_The task_: Could you return the data that follows exactly, minus the images?

_Data provided_:

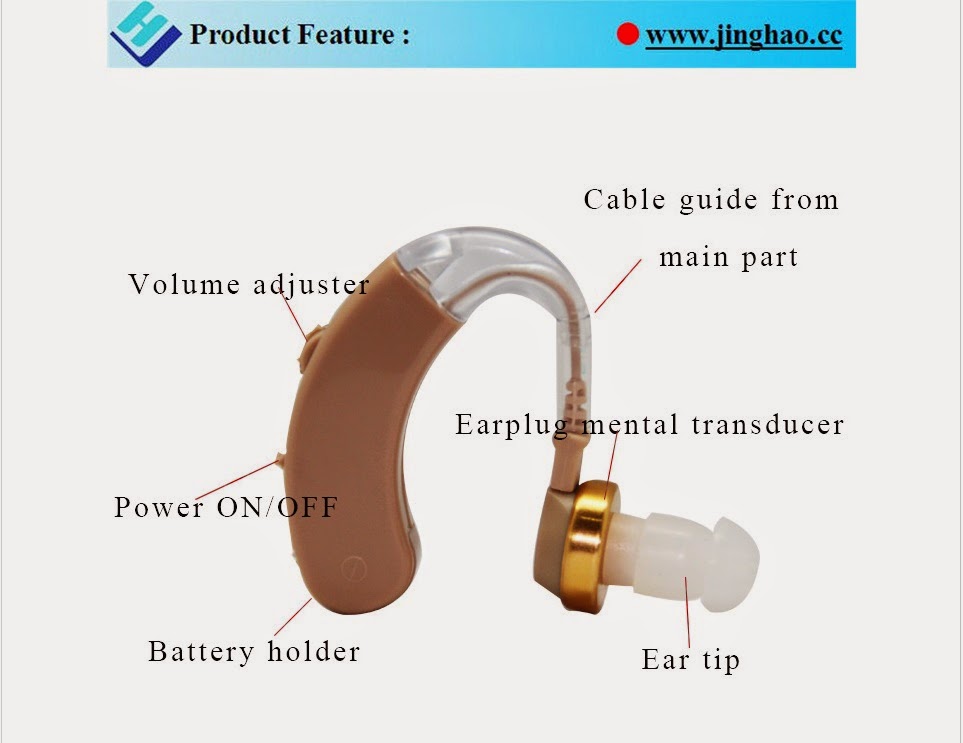 Malaysia hearing aid alat bantu dengar harga rendah in pharmacy at low price online shop selling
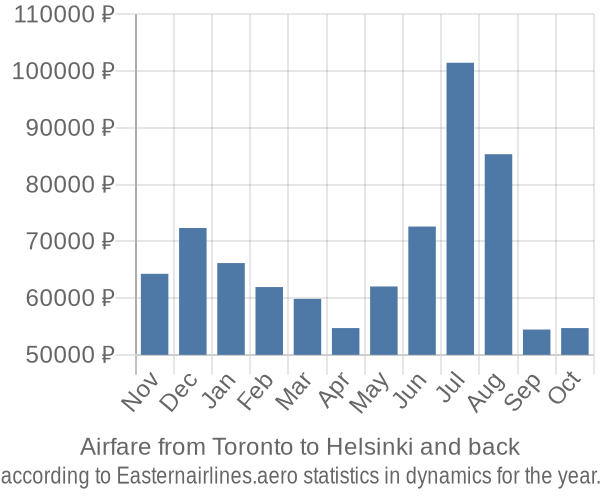 Airfare from Toronto to Helsinki prices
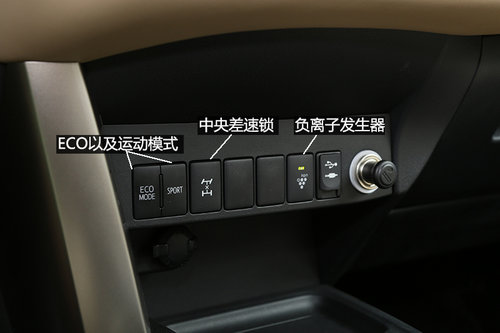 內外兼修 試駕一汽豐田全新RAV4 2.0L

_Solution_:
 Malaysia hearing aid alat bantu dengar harga rendah in pharmacy at low price online shop selling
 Airfare from Toronto to Helsinki prices
 內外兼修 試駕一汽豐田全新RAV4 2.0L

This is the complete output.